A recent projection looked at how much American homes will be worth in a few decades:

The median U.S. home price will likely hit $1 million around the year 2050, when the millennial generation is hitting the traditional age of retirement, a top housing economist has predicted.
“Essentially, in about 25 years the national median home price will be a million dollars,” Lawrence Yun, chief economist at the National Association of Realtors®, said at a conference in Washington, DC, on Tuesday. “It may be hard to envision that, but back in 1990, the national median price was $90,000.”…
Last month, the national median sales price for existing homes was nearly $430,000. Yun used multiple scenarios to project home prices out into the future, and says each scenario pointed to roughly the same timeline to hit $1 million: about 25 years.
This makes sense over time as inflation continues.
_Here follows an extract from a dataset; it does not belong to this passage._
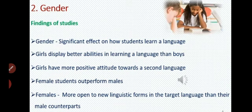Second factor is gender. Many research findings declare that there are differences between learning styles of male and female, with a significant effect on how students learn a language. Girls display better abilities in learning a language than boys and have a more positive attitude towards second language learning. Female students outperform males — Males से ज़्यादा वो language सीखने में perform करती हैं. Females are more open to new linguistic forms as compared to men.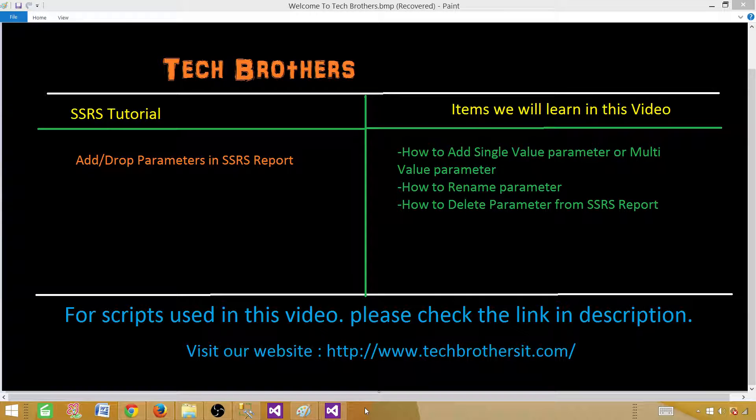Welcome to Tech Brothers with Amir. Today we are going to learn how to add, drop, or rename a parameter in SSRS report.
Compared to the past, houses and many other goods are more expensive.
But three factors might make this hard to swallow for a number of people:
- How much will incomes and wages keep up with the price increase of houses? Will housing be further out of reach by 2050? A million dollar price for a home will be easier for people to understand if pay keeps up with those values.
- There will be people in housing who remember the lower prices of the past and a good number who will benefit from them. Those who owned homes in 2026 will recall the median at $430k and wonder – and enjoy, if selling – the new median of $1 million. Just as those who lived in the early Levittowns saw their homes increase in value over the decades, so will those who bought homes in the early 2000s.
- Some places will have much higher median home values in 2050 compared to others. While this is true today, that gap may grow and highlight differences between metropolitan regions.
I wonder if the biggest consequence of this continued rise in home values will be that houses in the United States will be regarded first and foremost as investments. If the median value can double in 25 years just by owning it, this can shape who owns homes and how they treat them.